6 thoughts on “Smart Diplomacy”

  1. Those bridges wil be incredibly difficult to rebuild. Decades of work will be necessary, over many Administrations.

    A betrayal from a person is difficult to forgive, but at least a person can try to credibly claim “… and I won’t do it again.” An elected official has no such power, since the American people could one day in the future do something just as foolish as they did in 2008. The British, Czechs, Poles, Israelis, Saudis, etc. aren’t just taking in Obama’s character, they are reconsidering the character of the American electorate who put him in office.
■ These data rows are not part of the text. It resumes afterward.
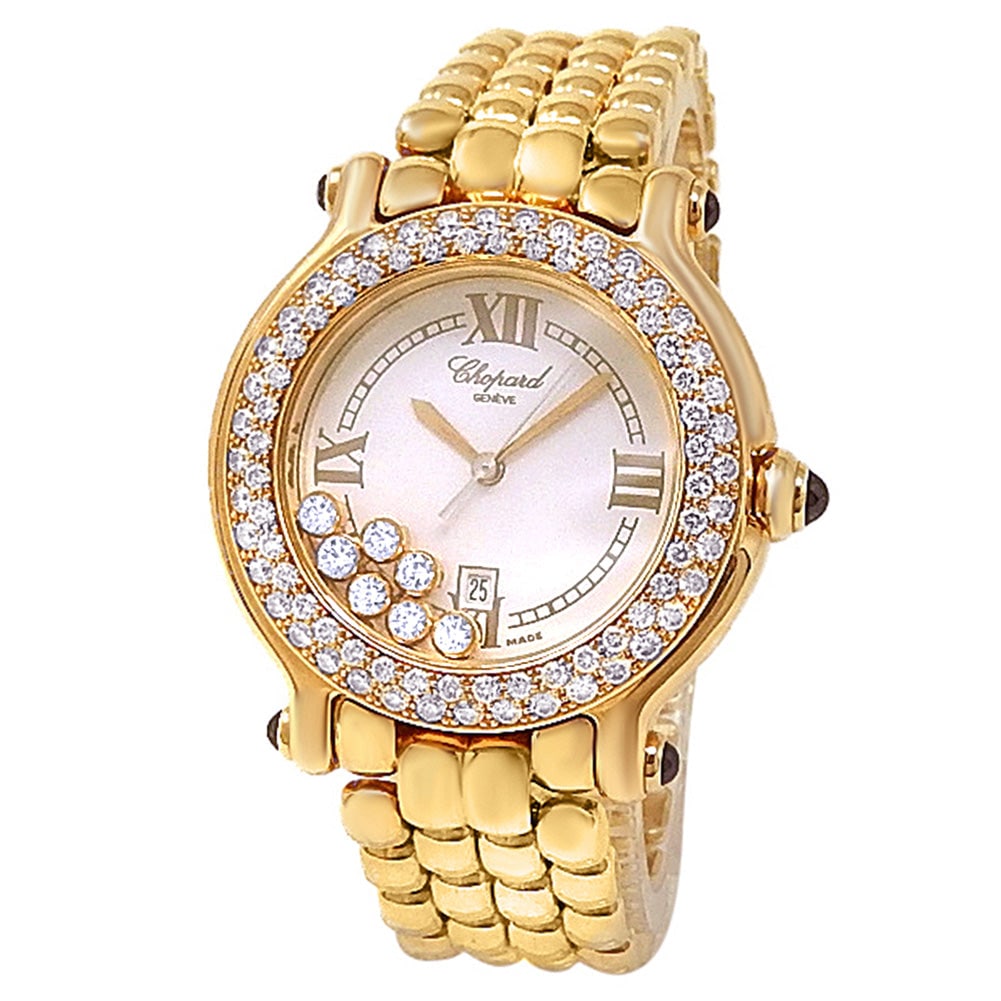 Chopard Happy Sport 27/6145-23 18k Yellow Gold White Diamond Dial: The Chopard Happy Sport, Reference 27/6145-23, is an exquisite embodiment of playful elegance and luxury. Crafted in radiant 18k yellow gold, this timepiece features a classic White dial beautiful
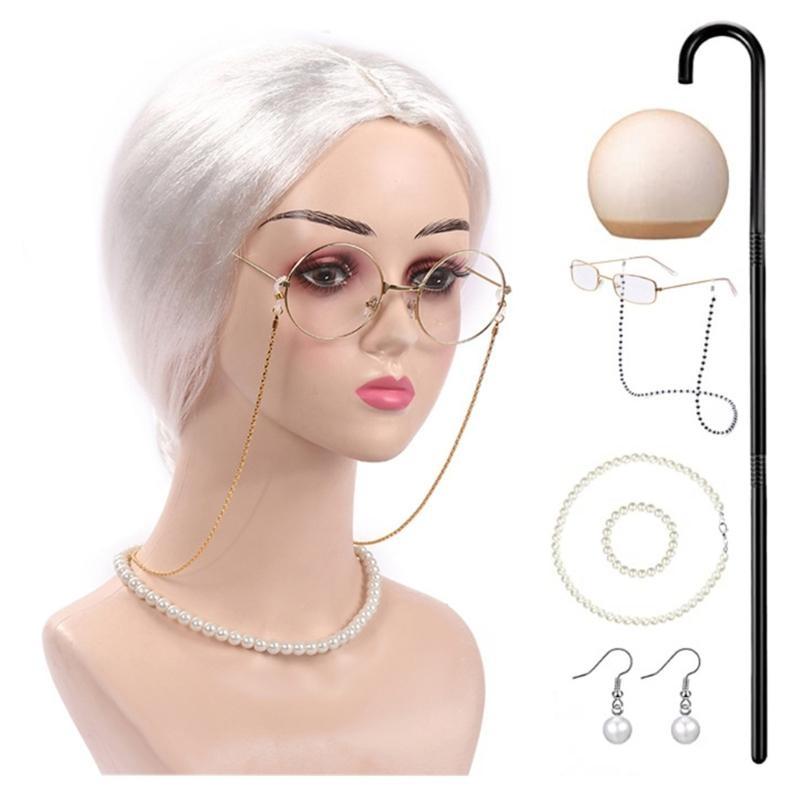 Halloween Grandma Costume Set Old Lady and Granny Glasses Props for Kid Girl F0S4
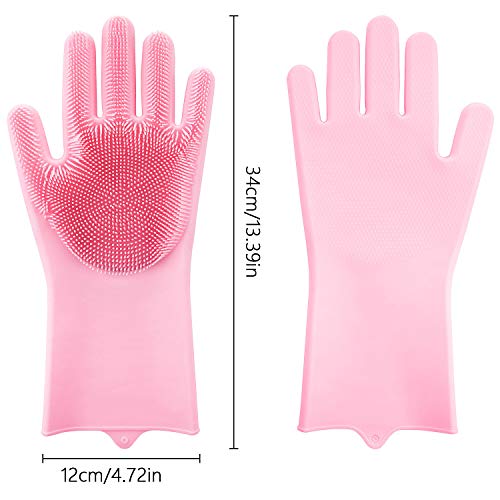 Comius Sharp Guantes de Silicona Mágicos, Guantes para Lavar Platos con Cepillo Limpieza de Lavado Resistente al Calor, Reutilizable Guantes de Goma para Lavar Platos, Cocina, Coche, Baño (Pink)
One election in 2012 won’t convince them that 2008 was an anomaly.

    Thankfully there is one relationship Obama has managed to not entirely ruin so far, and it’s important one – Japan. Let’s hope he doesn’t try to offer China something really stupid, like territorial rights to various islands in the Sea of Japan, in the next year.

    Also, he has the chance, however unlikely, to forge a very strong and meaningful relationship with the most important multi-ethnic democracy in the world after the USA, and of course I mean India (Brazil is #3). The way Pakistan is falling so clearly into the enemy camp an alliance with India to contain and control their animosity is the only long-term solution on the playboard that doesn’t involve just wiping the country off the map with nukes. Let’s wish him luck in that department, however unlikely decisive action in this regard may be.

  2. There’s nothing wrong with the American electorate. Obama didn’t win because people voted for him, he won because they voted against the GOP’s bank bailout. Solution: stop bailing out banks.

  3. And if you ever decide you have to, the company was demonstrably too big-> so split it into five pieces before you appoint five separate bankruptcy trustees who are paid in stock-options of the ‘slice’ they’re in charge of. Sorry if I’m a broken record on this subject.

  4. Carl,

    GWB was very good on India. But Indian-US relations have a long way to go from their Cold War nadir, and forming an affirmative anti-Pakistan alliance would be hugely imporant in improving our standing with the Indian people.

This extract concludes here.